Heat on the cheap

It’s cold up in them there hills, and the Sierra Green Building Association is here to help

Buying a Fahrenheit thermometer rather than a Celsius warms up things up considerably.

Buying a Fahrenheit thermometer rather than a Celsius warms up things up considerably.

So you want to make your home more energy efficient this winter, or what’s left of it. Even if you haven’t winterized your home yet, it’s never too late to save money, especially if you live in the foothills or an even higher elevation in the Sierras, where the temperature frequently dips below freezing well into April.

But exactly what improvement do you have in mind? A little solar thermal, or maybe some radiant floor heating? If you’re like many of the folks who’ve been affected by the downturn, your response might very well be an indignant, “Yeah, right. In my more economically advantaged dreams.”

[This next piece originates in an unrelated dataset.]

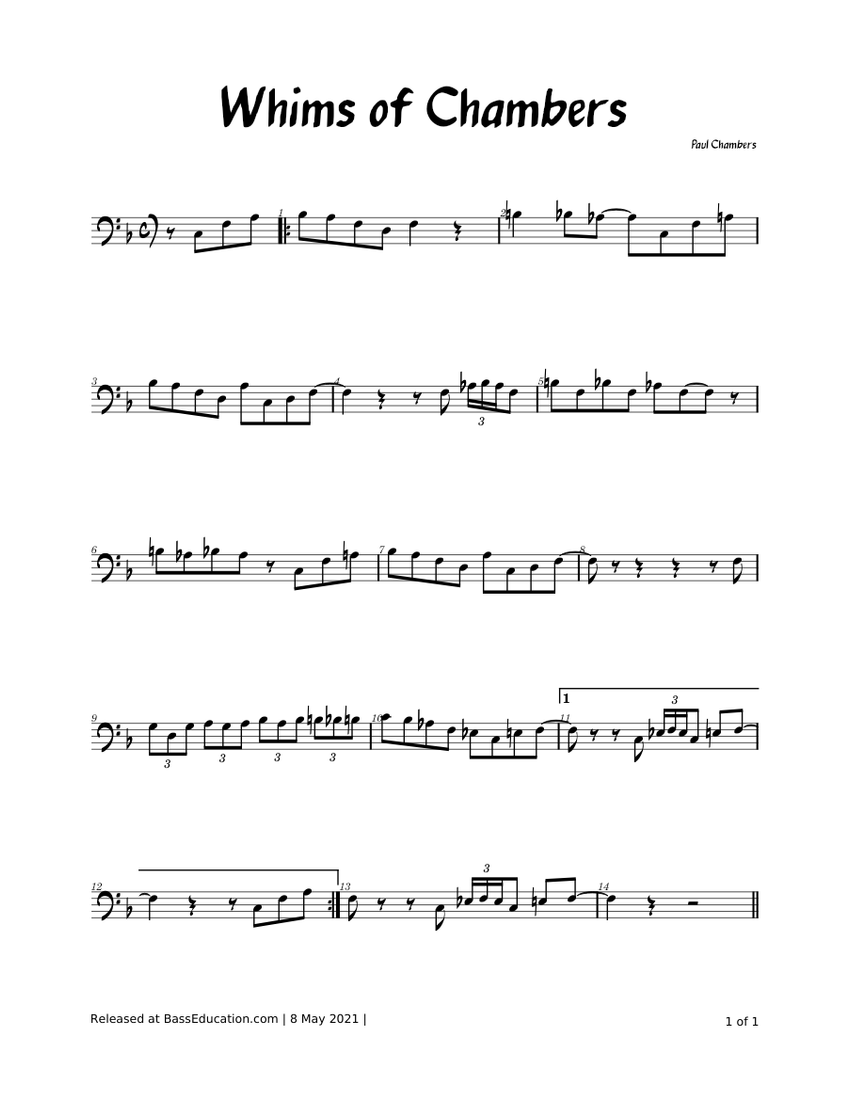 Whims of Chambers – Paul Chambers Sheet Music for Contrabass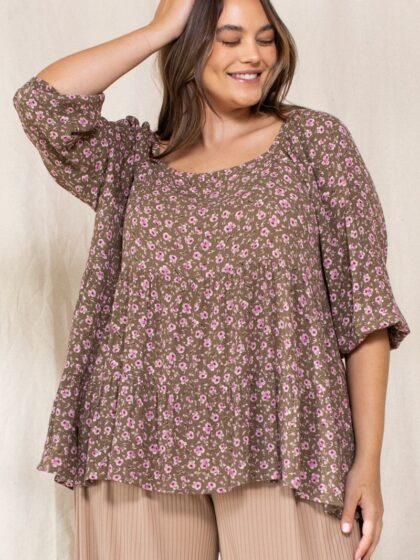 Tiny Floral Printed Square Neckline Top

The Sierra Green Building Association begs to differ. Recognizing that many people are financially stressed, they’ve prepared a list of energy-efficient measures that can be implemented for well under $100 each.

“People are struggling, and we feel it’s important to give people tools for green building that can apply to the common person and not just people looking to build new homes,” says SiGBA president Eli Meyer. He’s also program manager for a project with SiGBA and the Truckee Donner Public Utility District that helps low-income households become more energy efficient. He offers the following winterizing tips:

1. Get rid of air infiltration. A can of spray foam and a caulking gun are simple tools for less than $10 that can help reduce air leaks around electrical outlets, plumbing, under cabinets and in your crawlspace. Paying someone else to crawl under the house through dirt and cobwebs may be enticing, but doing it yourself will save money.

2. Replace the seals around doors. Place your hand by the bottom of your door and feel how cold it is. This is a common area for air to enter the house. Meyer discourages replacing all your door seals at once, as it can be a daunting process. However, if you have a few rudimentary carpentering skills, sealing a door should cost between $10 and $30.

3. For drafty windows, spend about $10to $20 for a clear plastic film that you apply over the windows with a hair dryer. “The bummer about those is they’re not really reusable,” says Meyer. “A more green alternative would be getting nice, heavy drapes for window covering.”

4. Replace recessed can lighting. This style of lighting is basically creating a hole in your ceiling. These can be replaced with a hallway light fixture, which can be found in a range of prices under $100.

5. Seal ducts. Leaky ducts represent 30 percent of the heat loss in a typical home. Meyer suggests using mastic tape, not duct tape, to do this. “The professionals do not carry rolls of duct tape,” he says. “Duct tape is great for other things—anything but ducts.”

Meyer mentions that you’re not likely to risk getting your home too tightly sealed with just a caulking gun, but if you do seal it well, make sure you have proper ventilation. Saving energy and being warm is nice, but mold and carbon-monoxide poisoning are not.